- **Task**
Without including any images, repeat the data exactly.

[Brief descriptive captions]
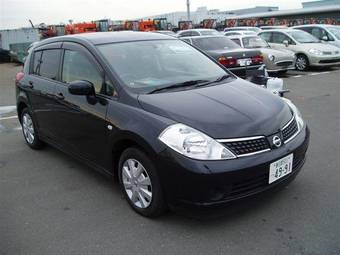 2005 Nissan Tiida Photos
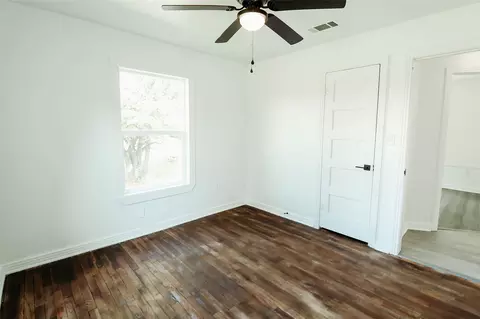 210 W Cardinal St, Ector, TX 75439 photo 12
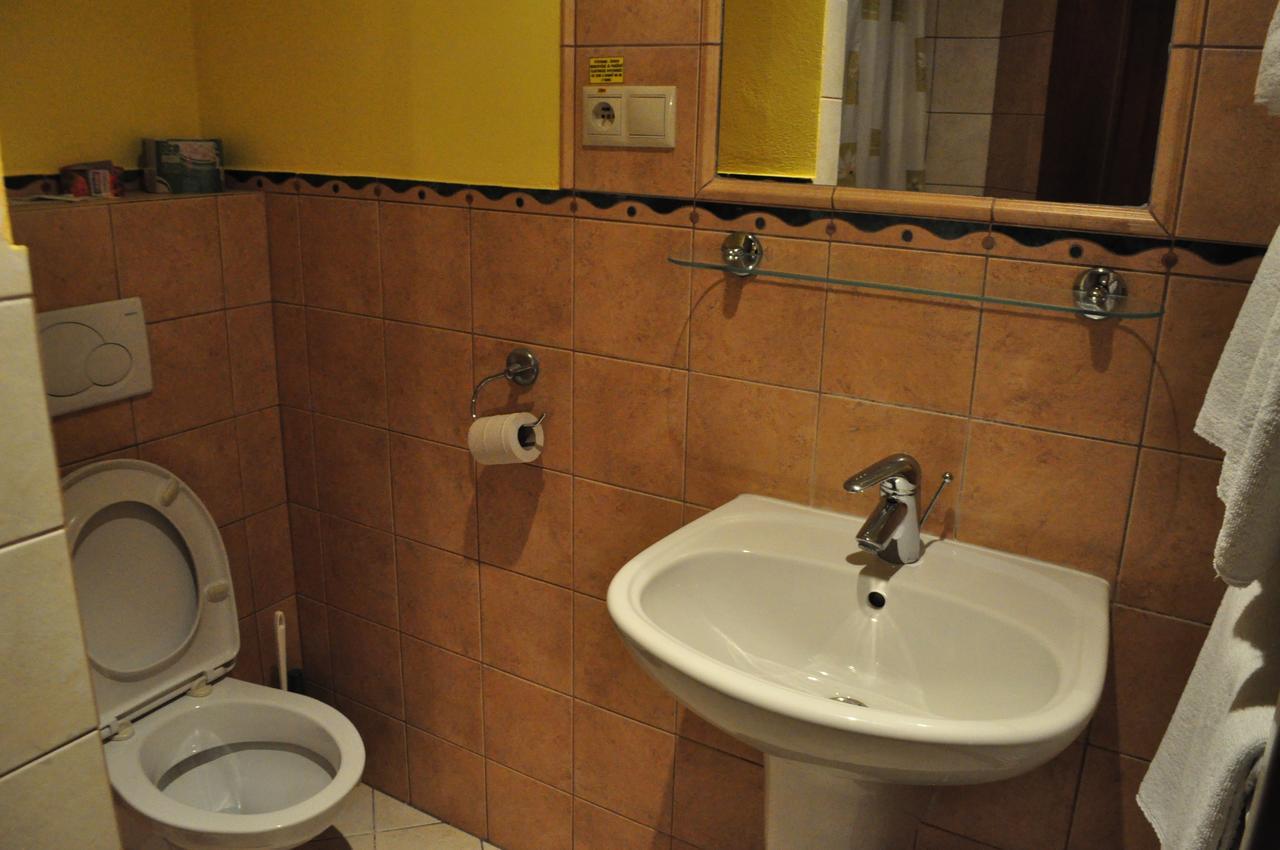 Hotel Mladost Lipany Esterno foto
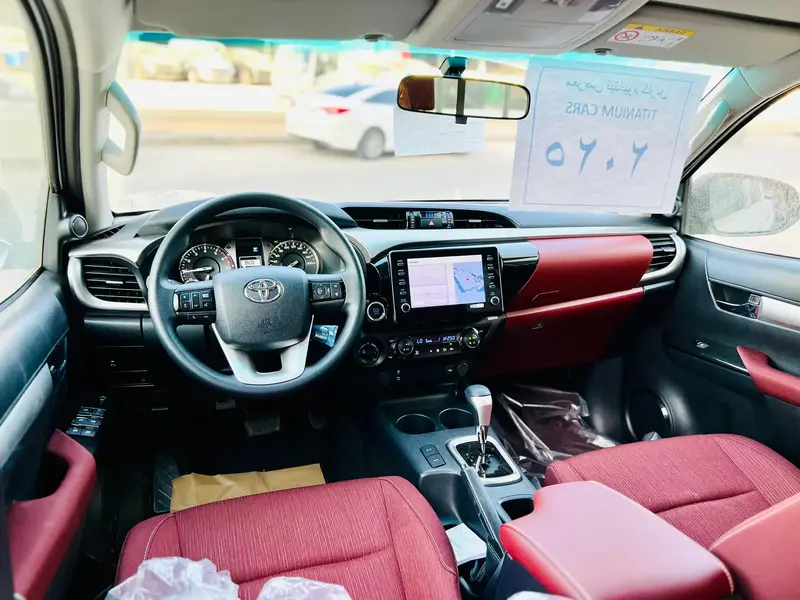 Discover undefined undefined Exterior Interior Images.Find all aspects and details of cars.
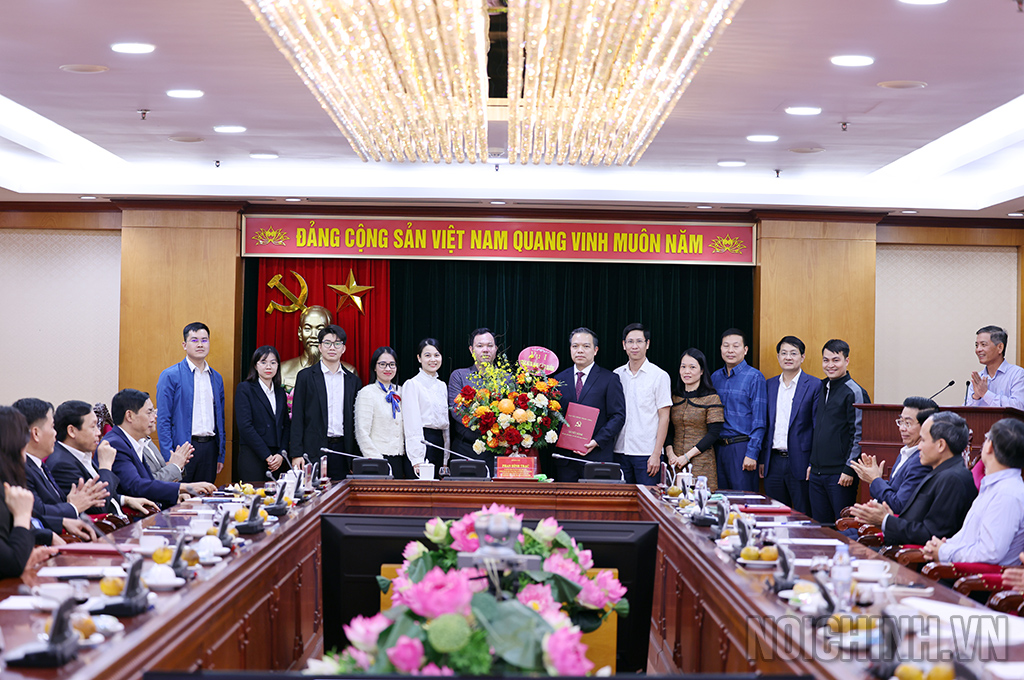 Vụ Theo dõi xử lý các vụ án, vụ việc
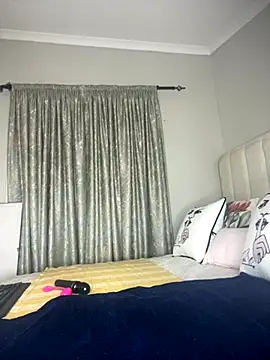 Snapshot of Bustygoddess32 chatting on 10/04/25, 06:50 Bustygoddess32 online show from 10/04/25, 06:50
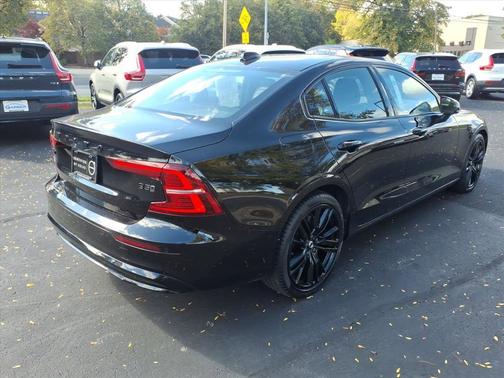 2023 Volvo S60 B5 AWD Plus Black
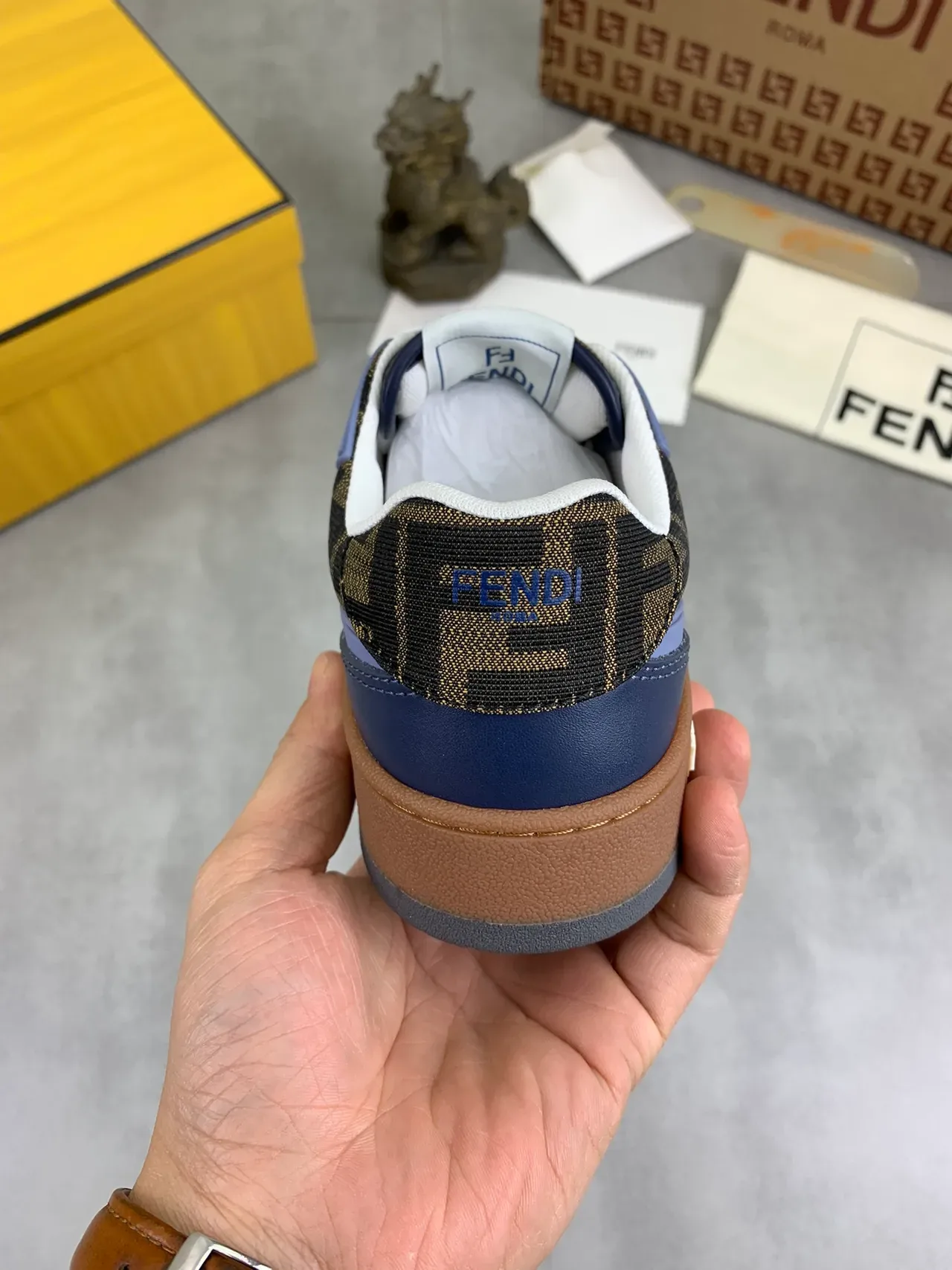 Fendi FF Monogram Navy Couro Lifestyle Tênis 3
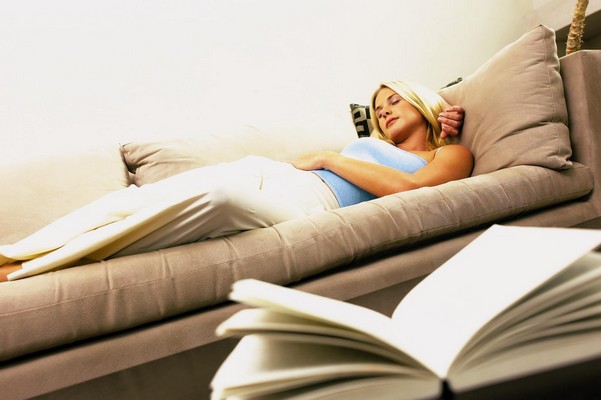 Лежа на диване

- **Expected output**
 2005 Nissan Tiida Photos
 210 W Cardinal St, Ector, TX 75439 photo 12
 Hotel Mladost Lipany Esterno foto
 Discover undefined undefined Exterior Interior Images.Find all aspects and details of cars.
 Vụ Theo dõi xử lý các vụ án, vụ việc
 Snapshot of Bustygoddess32 chatting on 10/04/25, 06:50 Bustygoddess32 online show from 10/04/25, 06:50
 2023 Volvo S60 B5 AWD Plus Black
 Fendi FF Monogram Navy Couro Lifestyle Tênis 3
 Лежа на диване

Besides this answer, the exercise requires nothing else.